The input below:
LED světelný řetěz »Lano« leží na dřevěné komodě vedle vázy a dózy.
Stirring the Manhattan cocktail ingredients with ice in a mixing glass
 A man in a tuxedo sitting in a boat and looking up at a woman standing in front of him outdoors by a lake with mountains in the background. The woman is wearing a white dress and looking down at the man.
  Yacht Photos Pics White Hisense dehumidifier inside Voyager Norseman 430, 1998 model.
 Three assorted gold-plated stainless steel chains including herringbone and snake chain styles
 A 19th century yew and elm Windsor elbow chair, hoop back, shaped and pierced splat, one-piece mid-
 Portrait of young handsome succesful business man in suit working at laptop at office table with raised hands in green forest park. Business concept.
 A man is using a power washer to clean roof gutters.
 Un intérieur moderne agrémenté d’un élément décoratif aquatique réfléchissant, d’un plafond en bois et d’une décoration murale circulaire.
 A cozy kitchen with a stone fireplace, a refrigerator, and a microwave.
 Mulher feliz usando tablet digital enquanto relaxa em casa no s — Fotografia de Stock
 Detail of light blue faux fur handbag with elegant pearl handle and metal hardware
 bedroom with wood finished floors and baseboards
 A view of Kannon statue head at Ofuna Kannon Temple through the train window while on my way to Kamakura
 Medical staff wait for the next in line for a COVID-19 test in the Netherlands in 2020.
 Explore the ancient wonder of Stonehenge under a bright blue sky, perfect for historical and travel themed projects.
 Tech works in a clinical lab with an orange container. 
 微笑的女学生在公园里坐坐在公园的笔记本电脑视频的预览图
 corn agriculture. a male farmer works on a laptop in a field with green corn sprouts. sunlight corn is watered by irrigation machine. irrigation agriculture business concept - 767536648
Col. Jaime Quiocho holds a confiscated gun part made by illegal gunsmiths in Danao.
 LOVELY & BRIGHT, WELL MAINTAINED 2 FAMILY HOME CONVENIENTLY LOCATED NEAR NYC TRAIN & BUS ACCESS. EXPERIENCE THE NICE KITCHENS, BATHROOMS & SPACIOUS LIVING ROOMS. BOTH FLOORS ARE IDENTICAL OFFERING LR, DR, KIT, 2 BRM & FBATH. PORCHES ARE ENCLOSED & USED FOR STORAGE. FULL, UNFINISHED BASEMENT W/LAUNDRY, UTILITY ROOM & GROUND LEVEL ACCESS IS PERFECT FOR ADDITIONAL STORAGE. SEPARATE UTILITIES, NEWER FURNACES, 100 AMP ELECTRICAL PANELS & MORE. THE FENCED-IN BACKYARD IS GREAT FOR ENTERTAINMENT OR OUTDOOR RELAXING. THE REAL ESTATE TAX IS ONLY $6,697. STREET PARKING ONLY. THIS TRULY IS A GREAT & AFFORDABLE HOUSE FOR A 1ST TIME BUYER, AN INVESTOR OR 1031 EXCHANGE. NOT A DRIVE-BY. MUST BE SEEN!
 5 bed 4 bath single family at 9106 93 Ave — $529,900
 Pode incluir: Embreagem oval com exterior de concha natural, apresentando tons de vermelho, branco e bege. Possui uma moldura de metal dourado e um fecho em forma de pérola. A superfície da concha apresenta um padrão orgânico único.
End of The input.
Your objective
The reply should consist solely of the lines above from the one that has "Tech works in" through the one that has "Col. Jaime Quiocho", reproduced exactly.

The answer
 Tech works in a clinical lab with an orange container. 
 微笑的女学生在公园里坐坐在公园的笔记本电脑视频的预览图
 corn agriculture. a male farmer works on a laptop in a field with green corn sprouts. sunlight corn is watered by irrigation machine. irrigation agriculture business concept - 767536648
Col. Jaime Quiocho holds a confiscated gun part made by illegal gunsmiths in Danao.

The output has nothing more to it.